**WORK INSTRUCTION:** Omitting the images, transcribe the records below exactly as they stand.

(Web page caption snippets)

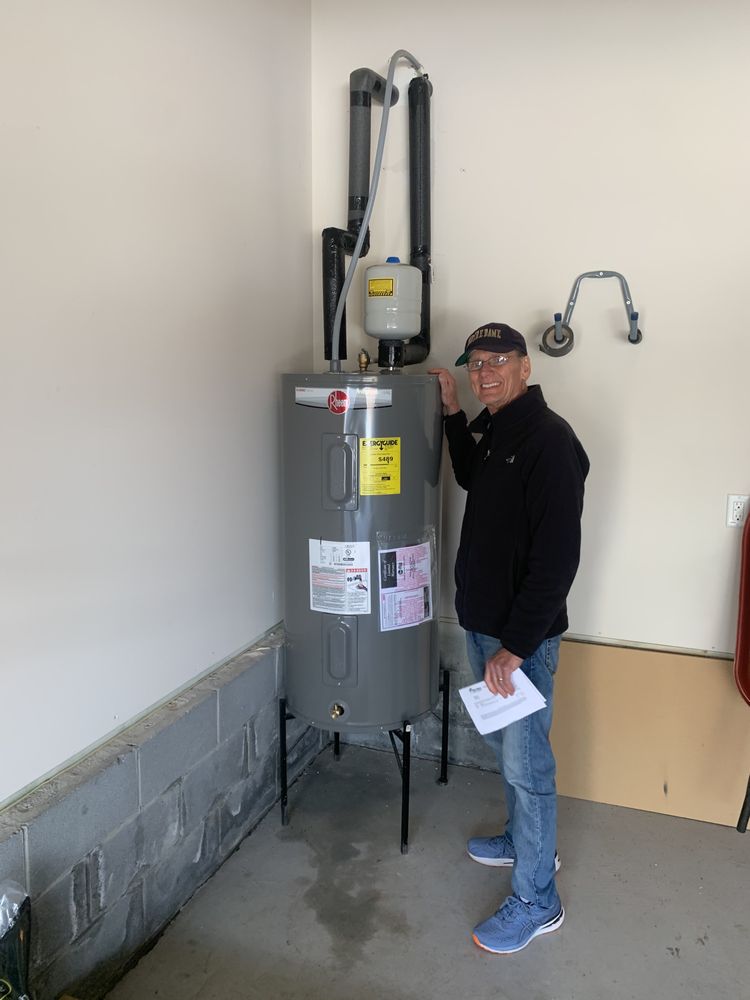 Slide of After Hours Plumbing and Pump Service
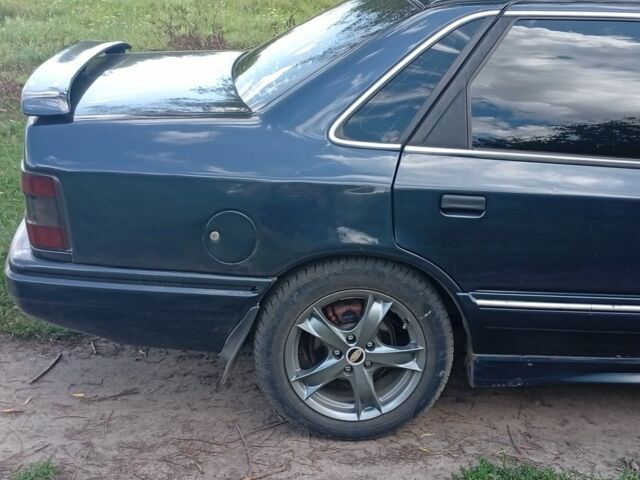Синий Форд Скорпио, объемом двигателя 2 л и пробегом 1 тыс. км за 2600 $, фото 3 на Automoto.ua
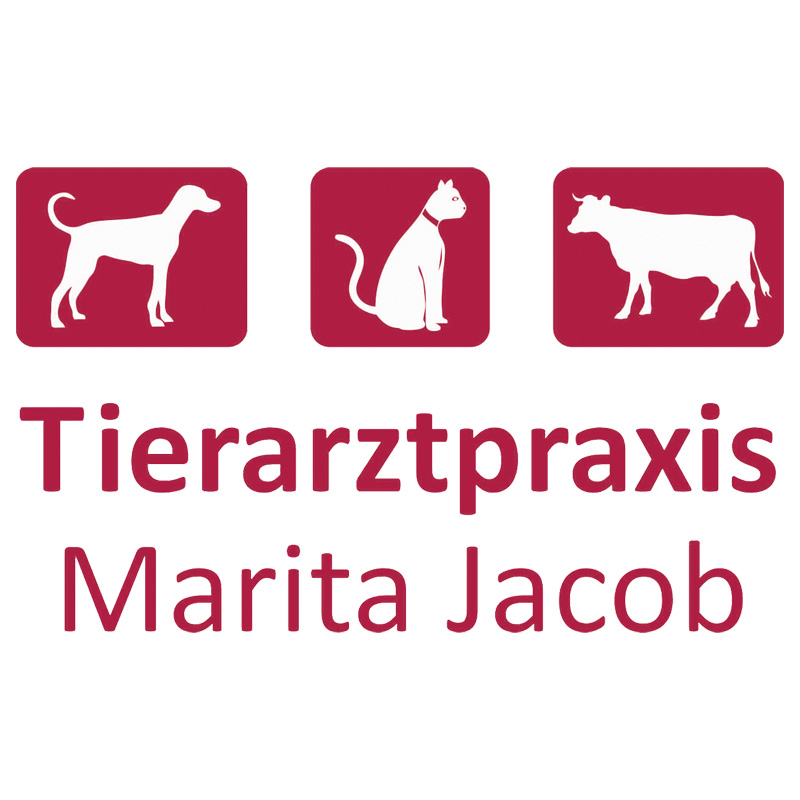 Logo Tierarztpraxis M. Jacob Marita Jacob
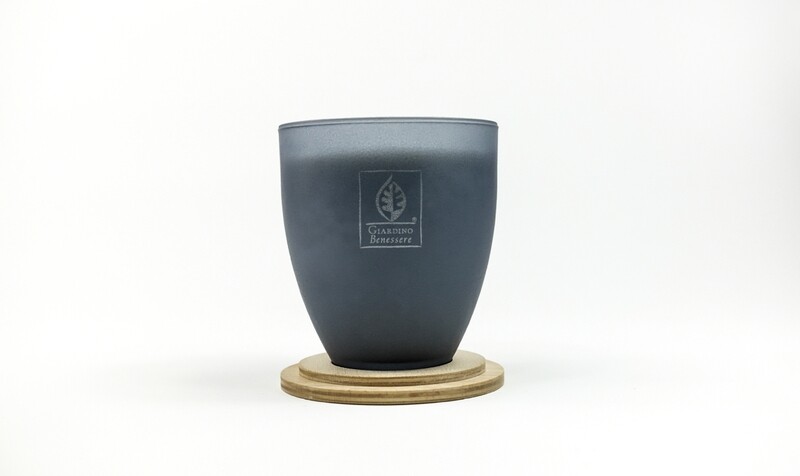 GIARDINO Benessere CANDLE Cotton Flower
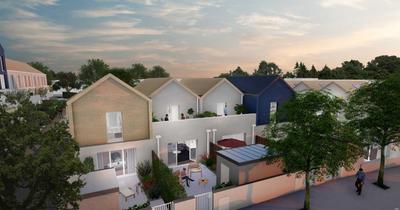 Appartement - 65 m² - 3 pièces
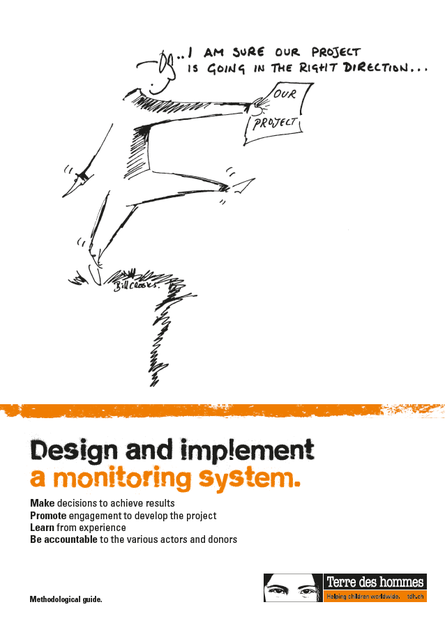 Design and implement a monitoring system Tdh PNG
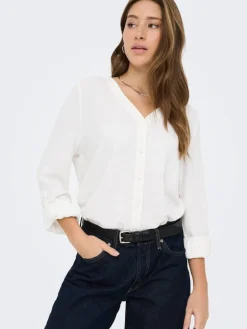 Only pusero Onljana Mette V-neck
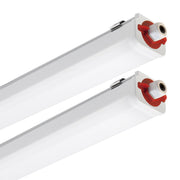Performance in Light - Decken-/Wandleuchte LED-Feuchtraumleuchte 309035 6500K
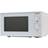 Panasonic NNE201 Silver, Vit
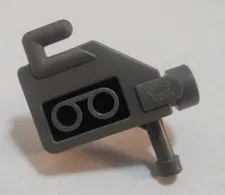Lego Duplo 6504 Dark Gray Utensil Video Camera Replacement Piece Part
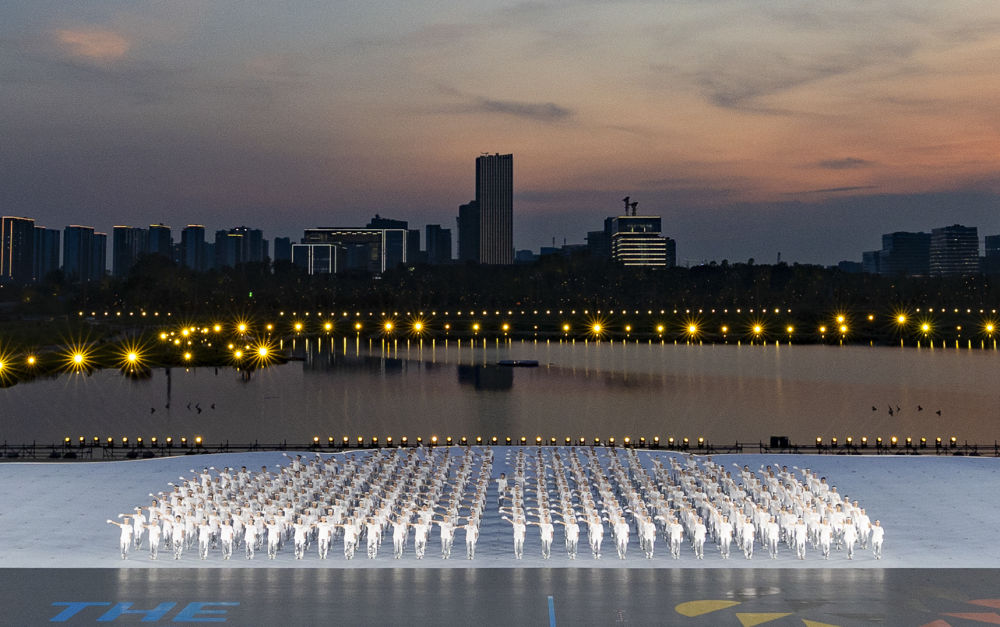 这一夜，成都惊艳世界——直击成都世运会开幕式现场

**SOLUTION TO THIS EXERCISE:**
 Slide of After Hours Plumbing and Pump Service
Синий Форд Скорпио, объемом двигателя 2 л и пробегом 1 тыс. км за 2600 $, фото 3 на Automoto.ua
 Logo Tierarztpraxis M. Jacob Marita Jacob
 GIARDINO Benessere CANDLE Cotton Flower
 Appartement - 65 m² - 3 pièces
 Design and implement a monitoring system Tdh PNG
 Only pusero Onljana Mette V-neck
Performance in Light - Decken-/Wandleuchte LED-Feuchtraumleuchte 309035 6500K
 Panasonic NNE201 Silver, Vit
Lego Duplo 6504 Dark Gray Utensil Video Camera Replacement Piece Part
 这一夜，成都惊艳世界——直击成都世运会开幕式现场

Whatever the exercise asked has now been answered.